Brady’s New York gallery exhibit of Alexander Gardner and James Gibson’s pictures later in 1862, “The Dead of Antietam,” drew large crowds who were curious to stare into the faces of these anonymous dead. Gardner and Gibson’s pictures teem with the swollen, spread-eagled, prostrate corpses of dead soldiers, dead horses, open graves, Union soldiers on burial detail, and the like. A New York Times review reported that Brady’s photos had “done something to bring home to us the terrible reality and earnestness of war. If he has not brought bodies and laid them in our door-yards and along the streets, he has done something like it.”

Oliver Wendell Holmes, author and son of a future Supreme Court Justice, viewed the exhibit months after he himself had gone to search the Antietam battlefield for his son, a participant in the battle. In an Atlantic Monthly article in July 1863, Holmes advised, “Let him who wishes to know what war is like look at this series of illustrations … It is well enough for some Baron Gros or Horace Vernet to please an imperial master with fanciful portraits of what they are supposed to be. The honest sunshine … gives us … some conception of what a repulsive, sickening, hideous thing it is, this dashing together of two frantic mobs to which we give the name of armies.”

Brady’s exhibit proved to be a milestone in the use of the photograph to tell the story of catastrophic public events. Not incidentally, it also demonstrated the power of photographs to simultaneously shock, fascinate and generate business.

In the Civil War era, as much as in our own times, scooping competitors by getting the big story first lent a certain prestige (and brought big business) to those writers who could pull it off. Now that the illustrated weekly newspapers had created a profitable niche for photographers in the world of journalism, photographers followed suit. Thus, when word of the immense battle in progress at Gettysburg filtered into the photographing communities in the North in July 1863, the news touched off a race to beat all comers to the scene and get the best pictures.

Alexander Gardner, along with Timothy O’Sullivan and James Gibson, got there first having left Washington immediately after hearing word of the battle. Gardner had by now left the Brady stable to go into business for himself, taking many former Brady associates with him.

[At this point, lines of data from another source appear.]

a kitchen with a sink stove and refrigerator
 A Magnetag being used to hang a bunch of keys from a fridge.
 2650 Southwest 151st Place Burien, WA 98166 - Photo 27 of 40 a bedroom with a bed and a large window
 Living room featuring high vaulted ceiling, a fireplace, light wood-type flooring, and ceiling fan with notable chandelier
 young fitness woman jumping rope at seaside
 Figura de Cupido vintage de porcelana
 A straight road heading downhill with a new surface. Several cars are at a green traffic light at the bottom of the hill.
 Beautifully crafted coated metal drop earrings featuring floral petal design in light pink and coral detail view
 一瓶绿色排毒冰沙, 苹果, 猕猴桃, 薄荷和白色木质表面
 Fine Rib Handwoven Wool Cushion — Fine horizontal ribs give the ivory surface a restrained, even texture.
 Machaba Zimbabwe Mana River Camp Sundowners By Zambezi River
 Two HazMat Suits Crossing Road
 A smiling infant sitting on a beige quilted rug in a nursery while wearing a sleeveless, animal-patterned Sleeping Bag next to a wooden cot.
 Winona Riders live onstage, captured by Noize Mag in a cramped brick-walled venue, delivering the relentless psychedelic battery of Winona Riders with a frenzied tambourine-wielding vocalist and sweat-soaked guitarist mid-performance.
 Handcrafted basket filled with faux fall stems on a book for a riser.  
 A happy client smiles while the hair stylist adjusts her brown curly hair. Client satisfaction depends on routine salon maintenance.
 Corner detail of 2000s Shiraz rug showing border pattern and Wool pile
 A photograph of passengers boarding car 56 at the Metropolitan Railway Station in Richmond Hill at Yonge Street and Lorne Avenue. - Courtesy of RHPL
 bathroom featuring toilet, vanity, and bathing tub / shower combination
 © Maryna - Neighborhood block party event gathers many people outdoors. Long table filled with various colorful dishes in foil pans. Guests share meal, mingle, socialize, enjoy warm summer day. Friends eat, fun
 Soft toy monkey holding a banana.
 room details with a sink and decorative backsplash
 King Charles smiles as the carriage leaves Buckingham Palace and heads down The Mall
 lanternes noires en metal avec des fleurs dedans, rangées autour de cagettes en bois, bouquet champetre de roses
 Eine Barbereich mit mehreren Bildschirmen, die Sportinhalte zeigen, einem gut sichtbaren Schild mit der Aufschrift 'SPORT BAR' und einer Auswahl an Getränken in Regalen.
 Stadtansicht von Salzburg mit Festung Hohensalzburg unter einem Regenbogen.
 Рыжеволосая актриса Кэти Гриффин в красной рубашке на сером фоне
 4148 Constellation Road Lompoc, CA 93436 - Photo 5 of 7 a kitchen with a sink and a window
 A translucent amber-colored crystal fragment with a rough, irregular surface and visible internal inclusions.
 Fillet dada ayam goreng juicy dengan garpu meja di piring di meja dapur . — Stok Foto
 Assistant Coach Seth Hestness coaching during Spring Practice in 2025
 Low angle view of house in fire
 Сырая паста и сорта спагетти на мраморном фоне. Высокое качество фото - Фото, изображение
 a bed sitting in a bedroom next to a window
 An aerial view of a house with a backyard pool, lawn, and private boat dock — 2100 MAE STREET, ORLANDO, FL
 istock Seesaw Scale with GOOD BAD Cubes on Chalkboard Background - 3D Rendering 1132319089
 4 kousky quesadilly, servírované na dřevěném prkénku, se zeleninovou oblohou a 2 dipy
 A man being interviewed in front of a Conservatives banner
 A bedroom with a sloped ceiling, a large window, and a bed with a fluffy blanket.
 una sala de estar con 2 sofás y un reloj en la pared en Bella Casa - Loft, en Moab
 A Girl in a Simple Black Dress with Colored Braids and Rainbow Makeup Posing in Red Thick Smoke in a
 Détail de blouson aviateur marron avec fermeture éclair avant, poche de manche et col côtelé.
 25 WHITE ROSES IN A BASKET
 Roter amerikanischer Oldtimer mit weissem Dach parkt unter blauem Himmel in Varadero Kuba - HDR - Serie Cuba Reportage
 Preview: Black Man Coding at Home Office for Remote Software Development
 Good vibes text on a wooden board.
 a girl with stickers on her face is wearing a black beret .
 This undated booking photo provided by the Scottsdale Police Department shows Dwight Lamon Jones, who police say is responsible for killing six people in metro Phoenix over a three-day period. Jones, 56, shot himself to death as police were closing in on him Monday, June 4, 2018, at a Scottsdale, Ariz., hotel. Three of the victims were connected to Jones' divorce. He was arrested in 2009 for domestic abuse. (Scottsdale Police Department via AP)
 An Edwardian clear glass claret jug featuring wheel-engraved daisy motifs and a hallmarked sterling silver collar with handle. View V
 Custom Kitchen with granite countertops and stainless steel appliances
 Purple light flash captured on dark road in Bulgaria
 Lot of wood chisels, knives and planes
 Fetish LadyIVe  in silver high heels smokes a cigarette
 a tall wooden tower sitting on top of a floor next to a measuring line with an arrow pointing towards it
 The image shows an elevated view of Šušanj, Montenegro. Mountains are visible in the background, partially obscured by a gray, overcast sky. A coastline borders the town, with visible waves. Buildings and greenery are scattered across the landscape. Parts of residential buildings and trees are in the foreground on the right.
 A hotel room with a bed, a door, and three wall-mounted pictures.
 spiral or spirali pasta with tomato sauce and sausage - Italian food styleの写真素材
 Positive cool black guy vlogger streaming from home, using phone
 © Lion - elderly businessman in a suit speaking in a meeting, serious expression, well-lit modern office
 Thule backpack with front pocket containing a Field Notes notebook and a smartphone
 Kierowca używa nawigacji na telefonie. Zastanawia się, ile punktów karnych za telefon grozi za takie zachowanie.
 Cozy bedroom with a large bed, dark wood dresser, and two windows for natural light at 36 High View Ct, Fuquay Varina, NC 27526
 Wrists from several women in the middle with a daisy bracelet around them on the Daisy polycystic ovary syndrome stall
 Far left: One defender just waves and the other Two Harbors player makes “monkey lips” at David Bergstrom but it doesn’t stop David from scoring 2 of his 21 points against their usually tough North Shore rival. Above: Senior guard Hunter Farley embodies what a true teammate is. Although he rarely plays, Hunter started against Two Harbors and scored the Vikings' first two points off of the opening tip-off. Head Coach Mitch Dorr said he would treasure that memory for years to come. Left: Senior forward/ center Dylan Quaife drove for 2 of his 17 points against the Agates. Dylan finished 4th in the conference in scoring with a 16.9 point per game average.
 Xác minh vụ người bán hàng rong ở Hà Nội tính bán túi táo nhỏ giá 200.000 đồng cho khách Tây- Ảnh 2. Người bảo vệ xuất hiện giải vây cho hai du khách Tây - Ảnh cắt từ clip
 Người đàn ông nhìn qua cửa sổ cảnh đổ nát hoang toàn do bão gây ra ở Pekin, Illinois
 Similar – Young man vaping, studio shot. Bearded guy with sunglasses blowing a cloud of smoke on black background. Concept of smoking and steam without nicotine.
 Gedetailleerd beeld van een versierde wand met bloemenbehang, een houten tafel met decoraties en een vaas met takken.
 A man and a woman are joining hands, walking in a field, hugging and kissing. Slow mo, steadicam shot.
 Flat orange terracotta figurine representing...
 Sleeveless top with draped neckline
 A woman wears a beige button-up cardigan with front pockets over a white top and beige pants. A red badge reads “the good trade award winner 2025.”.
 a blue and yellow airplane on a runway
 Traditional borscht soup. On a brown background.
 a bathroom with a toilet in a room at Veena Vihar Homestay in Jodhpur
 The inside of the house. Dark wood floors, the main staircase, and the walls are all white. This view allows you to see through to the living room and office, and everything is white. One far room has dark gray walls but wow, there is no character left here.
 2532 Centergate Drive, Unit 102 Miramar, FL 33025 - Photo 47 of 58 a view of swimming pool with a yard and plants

Gardner and Brady most likely parted way on friendly terms, but the two photographers were now competitors.

Gardner, O’Sullivan and Gibson took many pictures of dead soldiers, breastworks and battlefield locations. Unfortunately, Gardner completely overlooked or did not see other important landmarks of the battle. He had arrived too soon to acquire the services of any reliable guide, who might have identified these landmarks for him.

When Mathew Brady arrived a week later, he did have the advantage of battlefield guides, although his pictures, while they illustrated all the important battlefield landmarks (and consequently got the public exposure in the illustrated weeklies), they lacked the dramatic impact of Gardner’s pictures of the dead.

Gardner’s Gettysburg pictures may constitute history’s first, well-documented instance of photo-manipulation by journalists. Sharp-eyed photo historians who have examined them have spotted a Confederate soldier that appears in more than one post-mortem pose in multiple locations. Gardner and his assistants apparently dragged the dead man featured in his famous picture, “Dead Confederate Sharpshooter” at Devil’s Den, to a rock enclosure dozens of yards away, and, putting his knapsack under his head and his rifle against the rocks, shot another series of pictures. In another picture of a Confederate casualty, Gardner added a rifle and a severed hand as props. The doctoring of such images raised a controversy in after years that continues to bedevil photojournalists even today in the age of Photoshop: whether or not fiddling with the reality captured in the viewfinder to suit one’s artistic vision in order to express a greater truth warps the truth in the process.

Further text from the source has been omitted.